The announcement of Steven Bryant as Canada Excellence Research Chair in Materials Engineering for Unconventional Oil Reservoirs promises to enhance the University of Calgary’s reputation as a world leader in energy research, and at the same time allow Canada to consolidate its reputation as an environmental leader.
Bryant has arrived in Canada from the University of Texas at Austin, where he was Bank of America Centennial Professor in the Department of Petroleum and Geosystems Engineering, as well as founder and director of two of the university’s industrial affiliates programs. He has a reputation as one of the world’s most innovative and insightful energy researchers, and says his move to Canada will provide him with an opportunity to focus on one of the most interesting developments in petroleum engineering in decades: the use of nanoparticles.
“Nanomaterials and emerging capabilities in mesoscale science [i.e., concerning materials between about 10 nanometers and a few micrometers, a region where neither quantum theory nor classical laws are suitable] offer some extraordinary opportunities in many different areas,” he adds. “The past decade has seen incredible progress in this field—mainly through biomedicine—based on three essential characteristics: the small size of nanomaterials, the fact you can tailor their surface coatings, and their functional particle cores.”
The potential exists to dramatically improve existing technologies, and also to develop new ways of extracting energy to drastically reduce our carbon footprint.
These same characteristics hold great potential for oil sand applications. Particles less than ~100 nanometers (nm) in size are much smaller than reservoir pores and can be delivered into oil sand reservoirs. Their surfaces can be coated with chemicals, which enable the particles to attach preferentially to interfaces between aqueous and non-aqueous phases (e.g., oil and water) and are ubiquitous in oil reservoirs.
“We are on the cusp of something really big in oil and gas,” Bryant says. “The potential exists to dramatically improve existing technologies, and also to develop new ways of extracting energy to drastically reduce our carbon footprint. The opportunities for doing these things in the oil sands are particularly exciting because so many issues—technical, economic, social—of national and global importance collide in one place. The University of Calgary is the place to do that.
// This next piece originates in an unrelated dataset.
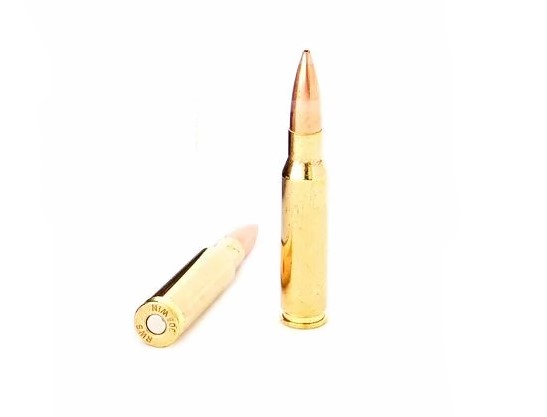 Патрон .308W DN 12.3 Target Elite /1шт.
For me, there is no doubt: it is the best place in the world for in situ oil sands research.”
Bryant believes the new chair will enable him and his collaborators at the University of Calgary to “concentrate for an extended period of time on solving big problems,” something that is becoming a challenge in most universities, where researchers are forced to spend valuable time trying to secure funding. And, he believes, this focus will enable him and his team to make rapid, tangible progress towards improving the way oil and gas are recovered from the ground.